Müjde Işıl - Batman gibi ‘ağır’ bir süper kahramana travmalı bir geçmiş ve karanlık bir gelecek yazıp eğlenceyle özdeşleşmiş türü bunalımla hemhâl eden Christopher Nolan için ‘atom bombasının babası’ J. Robert Oppenheimer’ın tam aradığı gibi bir kahraman olmasına şaşmamalı. ‘Çelişkili insanın resmini yap’ deseler bunun karşılığı Oppenheimer’ın portresi olurdu hiç kuşkusuz. Nasıl olmasın ki? Bilimin gelişmesinde felsefeyi, edebiyatı, ahlakı ve barışı temel almış ama atom bombasının yapımında vicdanı susmuş bir karakter. Almanlara karşı caydırıcı bir silah olarak yapımına başlanan bombanın Japonya’ya karşı kullanılmasında tesiri yüksek olması için hesaplamalar yapıp sonrasında ölene kadar eline bulaşan kanı silmekle uğraşmış. Karanlığı ve çelişkileri ile tam bir Nolan karakteri işte…
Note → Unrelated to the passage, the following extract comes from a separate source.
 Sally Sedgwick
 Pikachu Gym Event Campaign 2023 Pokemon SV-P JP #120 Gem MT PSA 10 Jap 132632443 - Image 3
“Oppenheimer”, Nolan’ın filmografisinde hem tanıdık hem de farklı bir yerde duruyor. Evet, karakter tam Nolan’lık ama Nolan ilk defa gerçek bir karakter üzerine biyografi filmi çekiyor. “The Prestige/Prestij”de elektriğin icadını ve Tesla’yı (David Bowie canlandırmıştı) hikâye içinde kilit bir noktaya yerleştirmişti ama “Oppenheimer”da tümüyle bilime ve gerçek olaylara odaklanıyor. Kaynağı ise Bird ve Martin J. Sherwin’in Pulitzer ödüllü “American Prometheus” kitabı. Kitabın geçtiğimiz günlerde İthaki Yayınları tarafından “Amerikalı Prometheus” adıyla Türkçeye çevrildiğini ekleyelim. Nolan filmlerinde gösterişli çekimleri ve kurguyu hep ön planda tutar. “Oppenheimer” bu açıdan daha sade ve fazla konuşkan. Temelde Oppenheimer’ın çelişkileri var ama hikâyeye o kadar fazla karakter dahil ki başkahramanın vicdanına odaklanmak giderek zorlaşıyor. Üstelik bu karakterlerin gerçek hayattaki öykülerini bilmeden filmi izlemek, olayları kavramayı zorlaştırırken bilirseniz de çoğu karakterin öyküsünün harcandığına şahit oluyorsunuz. Örneğin Kenneth Branagh’ın canlandırdığı Niels Bohr karakterinin Nazilerden kaçırılışı başlı başına bir film ama bu filmde minnacık bir ayrıntı.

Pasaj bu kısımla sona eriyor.